■ **Extracted information**
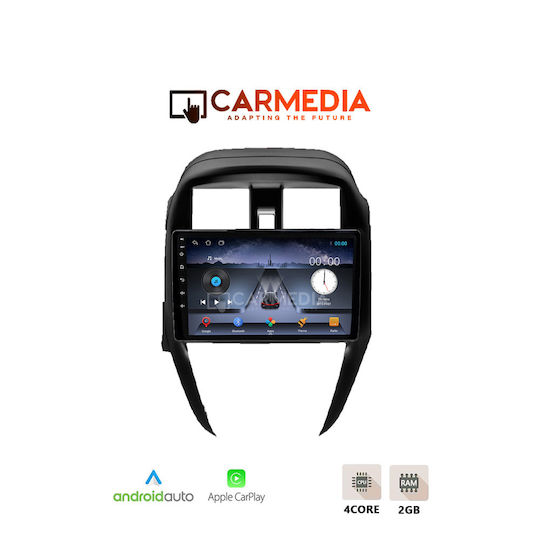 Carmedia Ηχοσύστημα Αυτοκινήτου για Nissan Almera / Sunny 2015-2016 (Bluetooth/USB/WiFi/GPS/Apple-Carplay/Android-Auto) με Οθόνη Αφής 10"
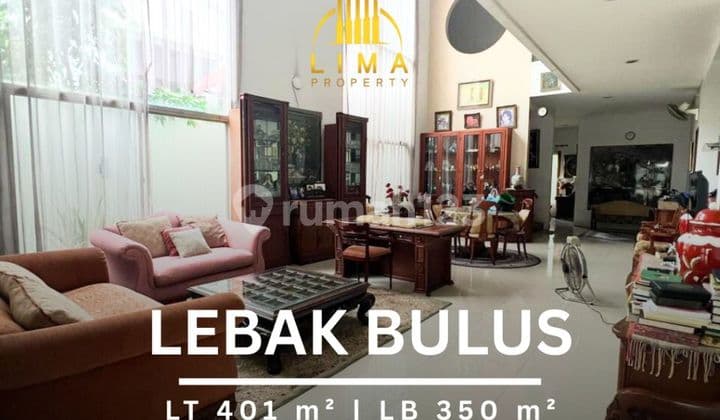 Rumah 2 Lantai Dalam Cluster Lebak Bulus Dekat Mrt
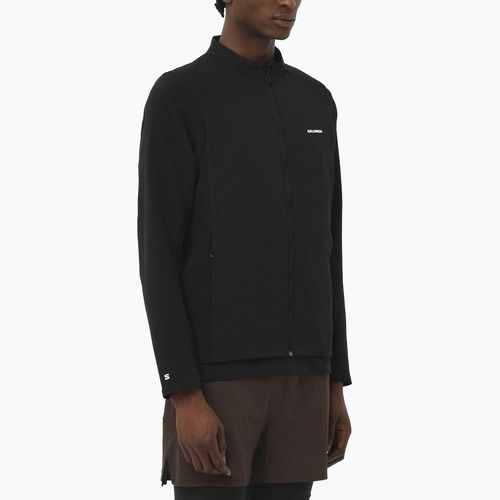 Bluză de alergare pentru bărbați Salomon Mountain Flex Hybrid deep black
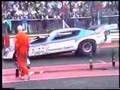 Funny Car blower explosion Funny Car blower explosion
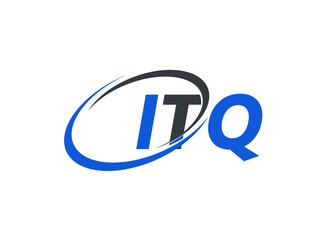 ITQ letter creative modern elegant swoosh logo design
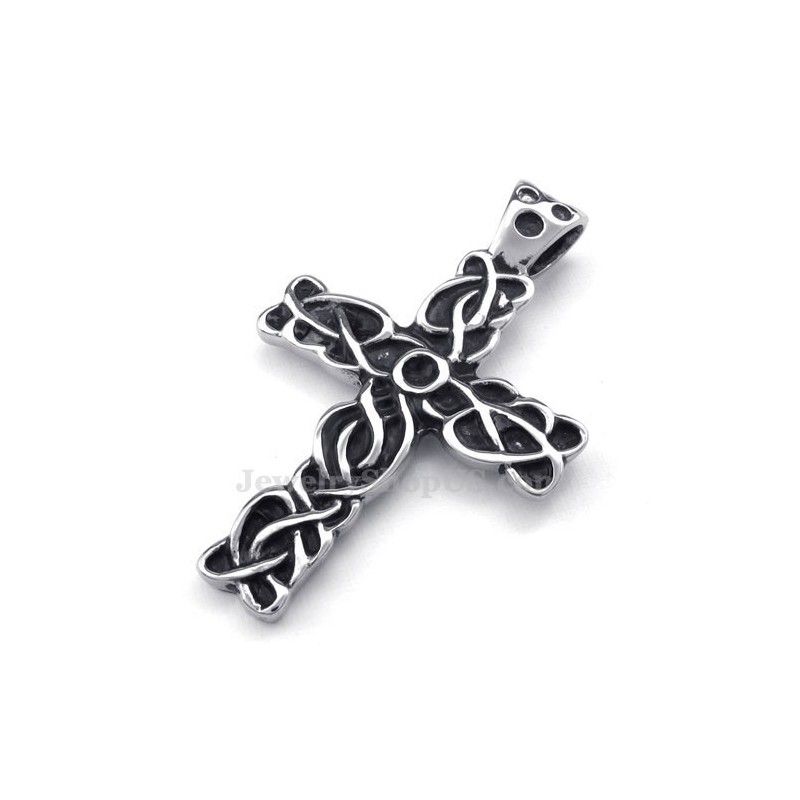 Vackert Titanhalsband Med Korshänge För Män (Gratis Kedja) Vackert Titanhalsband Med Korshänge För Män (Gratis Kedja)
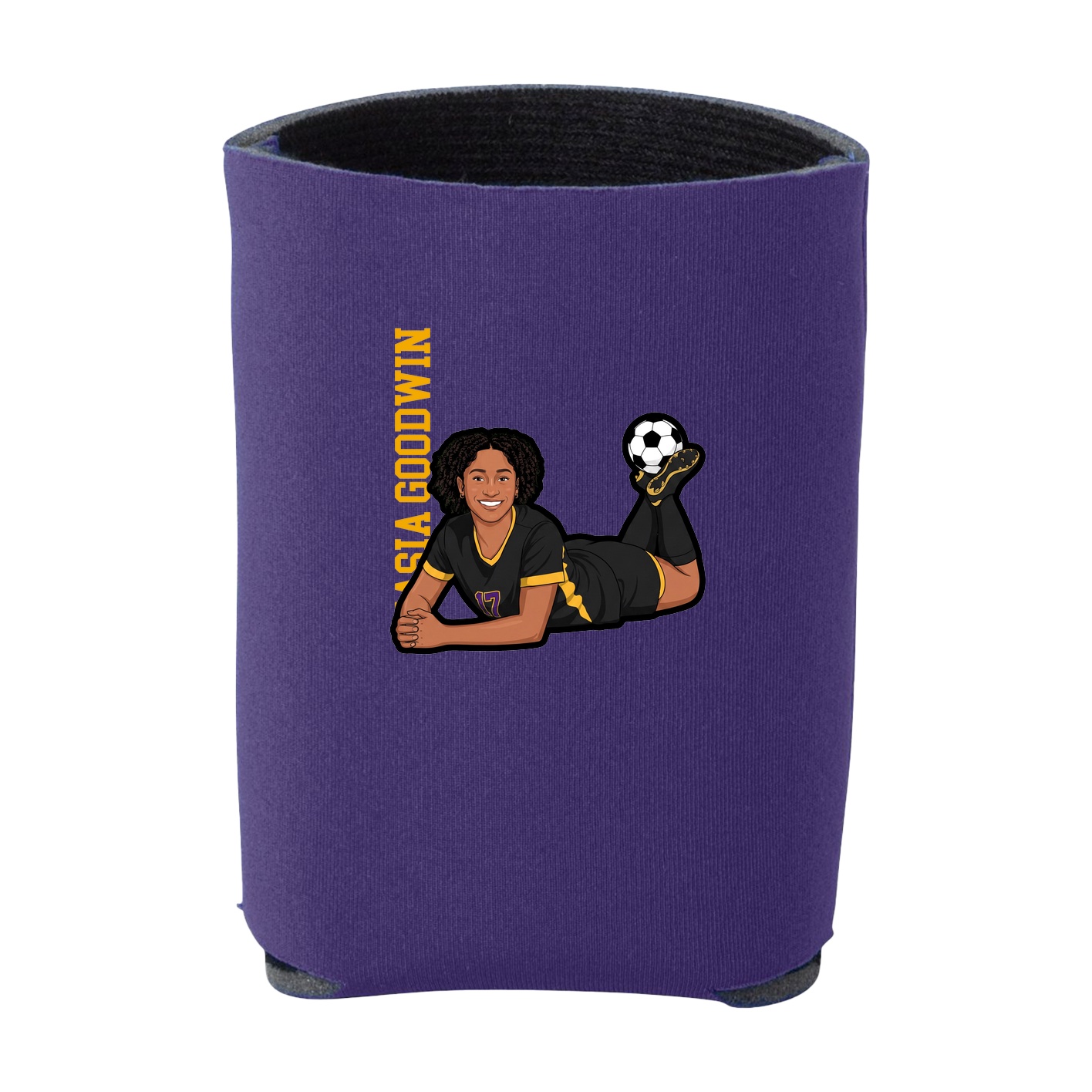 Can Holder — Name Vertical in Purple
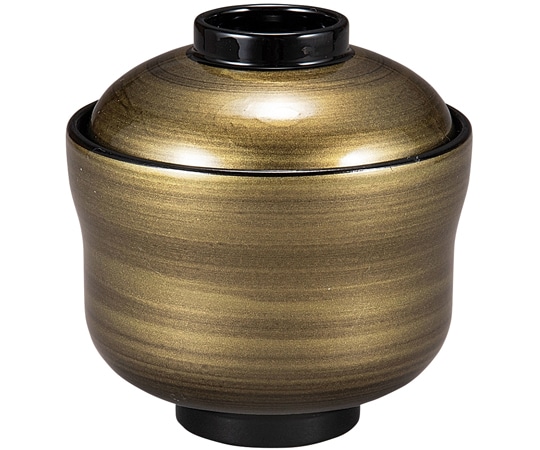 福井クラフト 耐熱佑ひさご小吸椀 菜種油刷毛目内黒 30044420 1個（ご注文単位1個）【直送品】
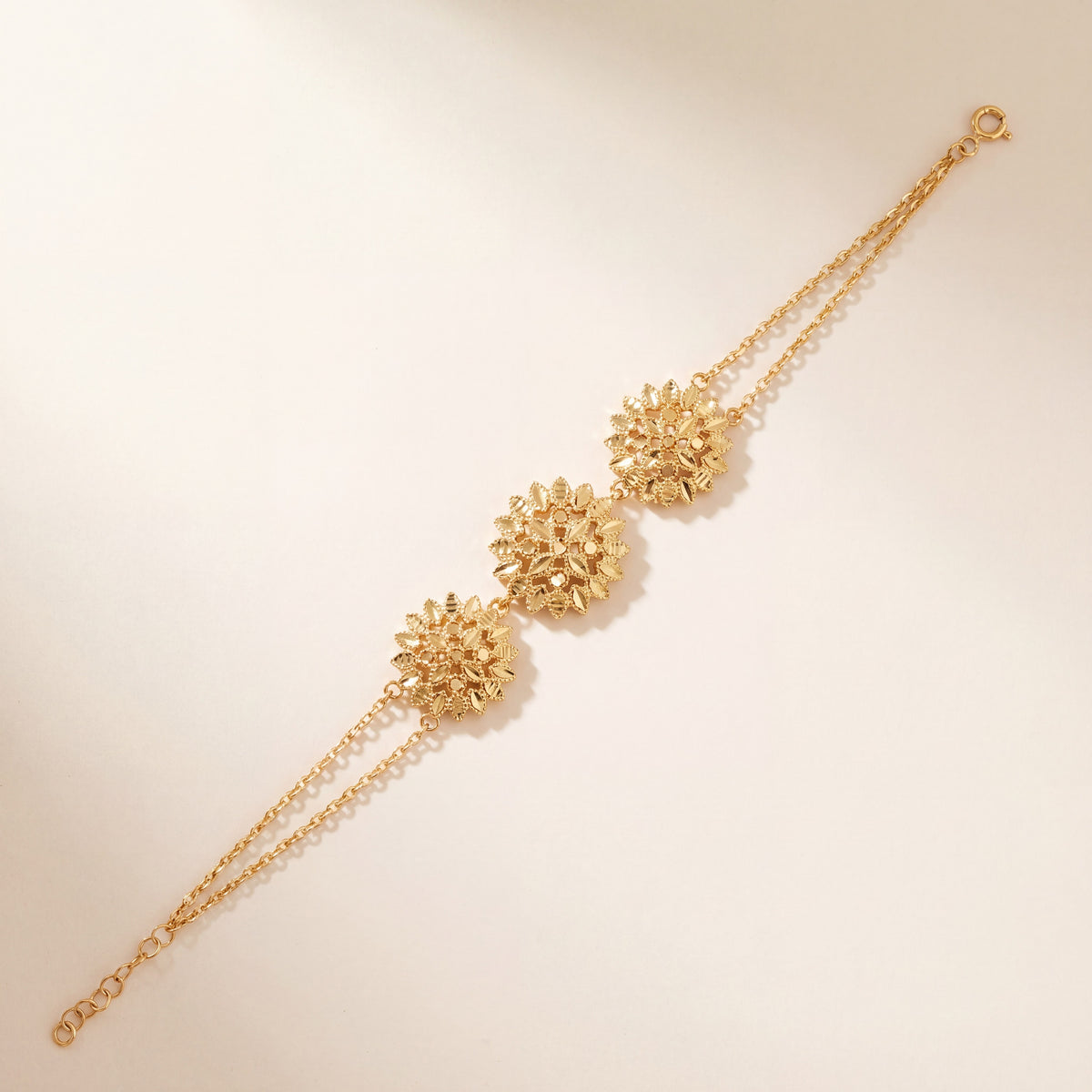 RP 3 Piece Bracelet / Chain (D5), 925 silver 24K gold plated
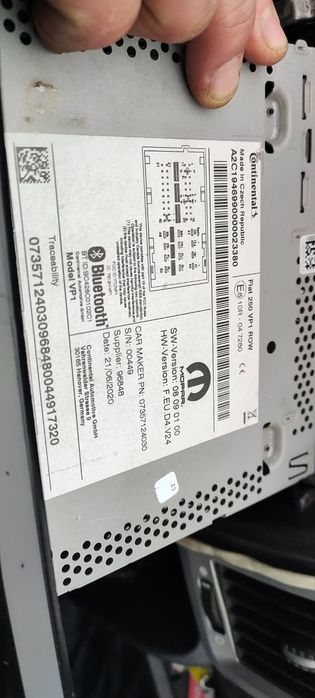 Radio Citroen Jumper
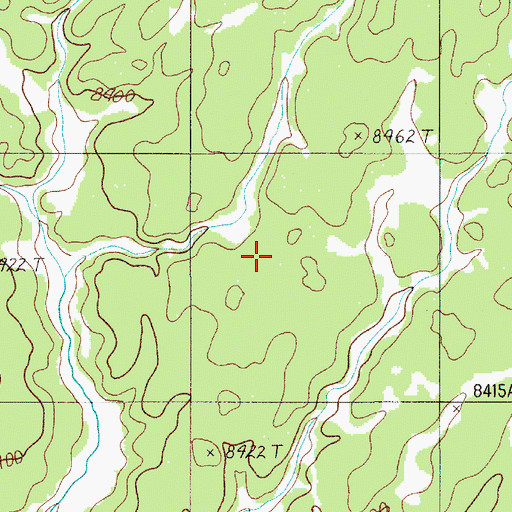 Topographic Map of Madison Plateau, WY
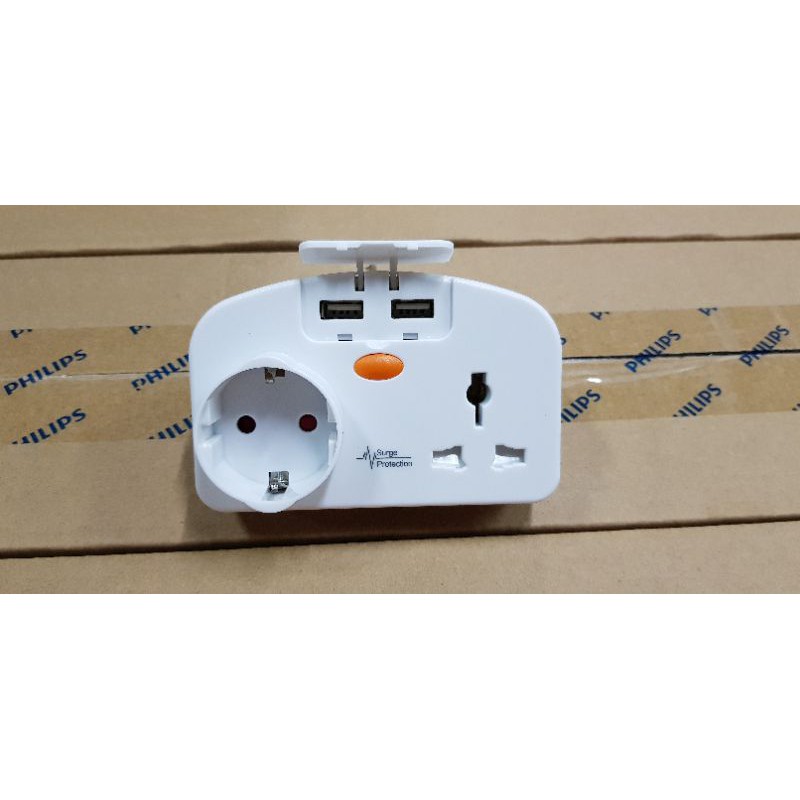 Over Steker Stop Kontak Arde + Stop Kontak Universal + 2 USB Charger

■ **Activity**
Please copy the lines exactly, beginning at the one containing "Funny Car blower explosion Funny" and ending at the last line of the records above, both included, with the pictures left out.

■ **Written reply**
 Funny Car blower explosion Funny Car blower explosion
 ITQ letter creative modern elegant swoosh logo design
 Vackert Titanhalsband Med Korshänge För Män (Gratis Kedja) Vackert Titanhalsband Med Korshänge För Män (Gratis Kedja)
 Can Holder — Name Vertical in Purple
 福井クラフト 耐熱佑ひさご小吸椀 菜種油刷毛目内黒 30044420 1個（ご注文単位1個）【直送品】
 RP 3 Piece Bracelet / Chain (D5), 925 silver 24K gold plated
 Radio Citroen Jumper
 Topographic Map of Madison Plateau, WY
 Over Steker Stop Kontak Arde + Stop Kontak Universal + 2 USB Charger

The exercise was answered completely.